• Brittany Aldridge

Honey & Cumin Roasted Chicken Traybake

Updated: Aug 6, 2020

After seemingly never ending cold and rainy weather all weekend, this honey and cumin roasted chicken traybake was much needed. It’s moorish in its warming quality, spiced and sweetened liberally, and packed full of healthy veggies too. Read ahead for the recipe now!


  • 3 carrots, chopped

  • 1/2 butternut pumpkin, trimmed and chopped

  • 1/2 cauliflower, broken into florets

  • 4 small potatoes, chopped

  • 2 cloves garlic, finely diced

  • 1 tablespoon ground cumin

  • 3 tablespoons extra virgin olive oil

  • 3 tablespoons honey

  • 1 small bunch of thyme

  • 2 teaspoons salt

  • freshly cracked pepper, to taste

  • 5 skin-on chicken thighs


  • Preheat the oven to 200°C/180°C fan forced (400°F) and add all the veggies to a large tray. Pour over the olive oil and add the thyme, garlic, cumin, salt and pepper, then give everything a good mix with your hands.
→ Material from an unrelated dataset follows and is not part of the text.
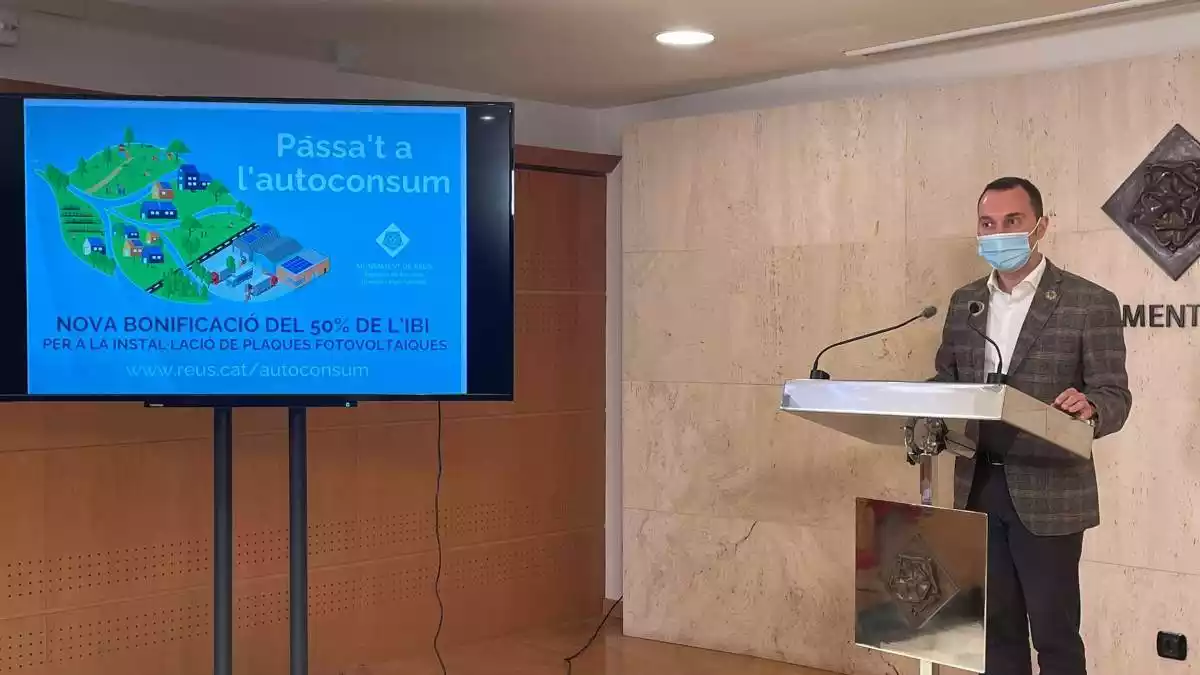 Imatge del regidor de Medi Ambient de Reus, Daniel Rubio, durant la presentació de la campanya per fomentar l'autoconsum energètic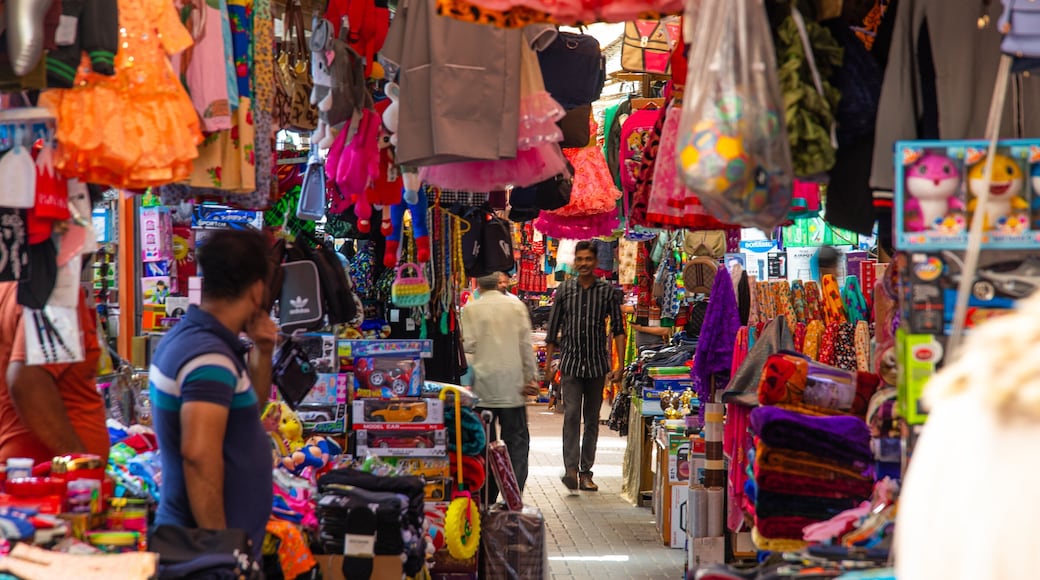 Bab Al Bahrain showing markets and street scenes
Lastly, add the chicken (skin side up) and lightly drizzle over some more olive oil plus the honey. Place in the oven and roast for at least 45 minutes to an hour (or until the chicken is cooked through, golden and crispy and the veggies are soft).

  • Remove tray from the oven. To serve, heap onto plates alongside a fresh salad. Please enjoy!